One piece of evidence that every Scheme program has an equivalent Python program is the interpreter we develop in this chapter. Since we can implement an interpreter for a Scheme-like language in Python, we know we can express every computation that can be expressed by a program in that language with an equivalent Python program: the Charme interpreter with the Charme program as its input.

Tokenizing. We introduce Python using one of the procedures in our interpreter implementation. We divide the job of parsing into two procedures that are combined to solve the problem of transforming an input string into a list describing the input program's structure. The first part is the tokenizer. It takes as input a string representing a Charme program, and outputs a list of the tokens in that string.

A token is an indivisible syntactic unit. For example, the Charme expression, (define square (lambda (x) (* x x))), contains 15 tokens: (, define, square, (, lambda, (, x, ), (, *, x, x, ), ), and ). Tokens are separated by whitespace (spaces, tabs, and newlines). Punctuation marks such as the left and right parentheses are tokens by themselves.

The tokenize procedure below takes as input a string s in the Charme target language, and produces as output a list of the tokens in s.
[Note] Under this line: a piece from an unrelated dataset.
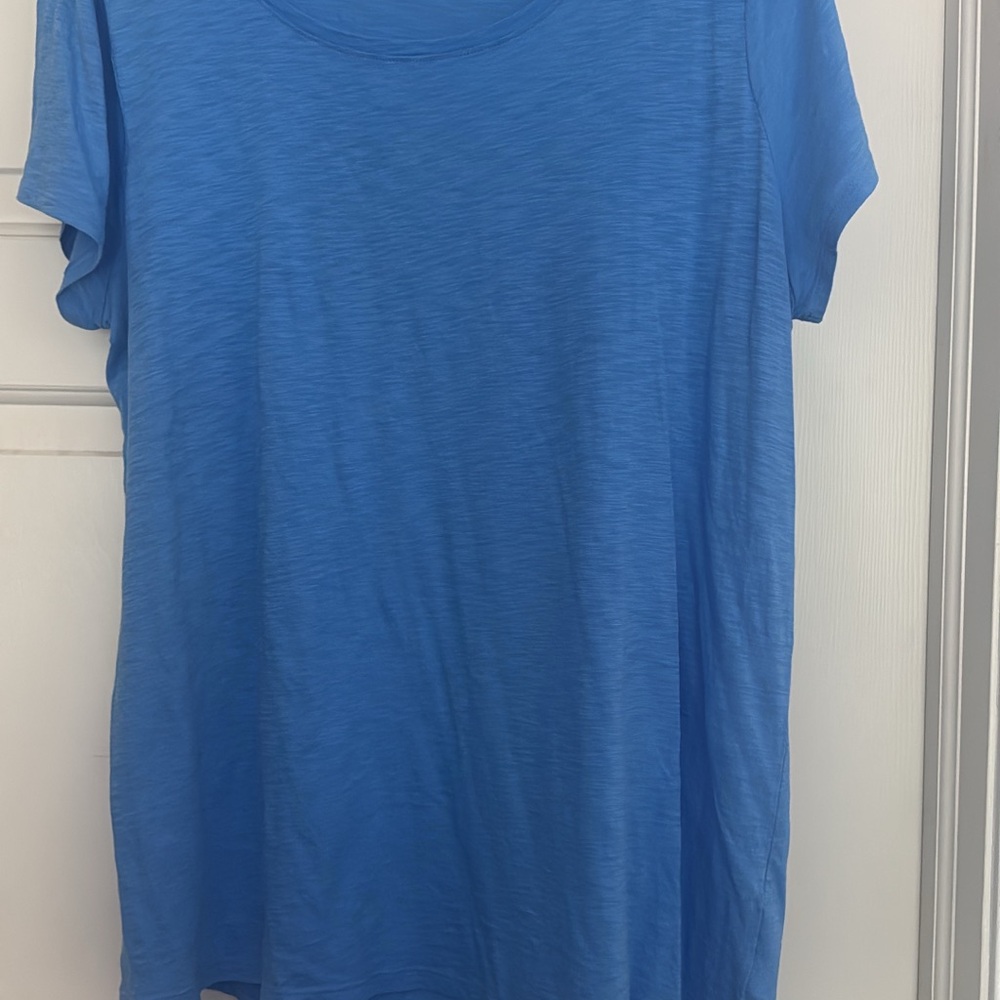Lilly Pulitzer XL Scoop Neck Tee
We describe the Python language constructs it uses next.

def tokenize(s):   # # starts a comment until the end of the line
    current = ' '  # initialize current to the empty string (two single quotes)
    tokens = []    # initialize tokens to the empty list
    for c in s:    # for each character, c, in the string s
        if c.isspace():   # if c is a whitespace
            if len(current) > 0:   # if the current token is non-empty
                tokens.append(current)   # add it to the list}
                current = ''   # reset current token to empty string
        elif c in '()':   # otherwise, if c is a parenthesis
            if len(current) > 0:   # end the current token
                tokens.append(current)   # add it to the tokens list
                current = ' '  # and reset current to the empty string
            tokens.append(c)   # add the parenthesis to the token list
        else:   # otherwise (it is an alphanumeric)
            current = current + c   # add the character to the current token
    # end of the for loop reached the end of s
    if len(current) > 0:   # if there is a current token
        tokens.append(current)   # add it to the token list
    return tokens   # the result is the list of tokens

  1. The name Python alludes to Monty Python's Flying Circus.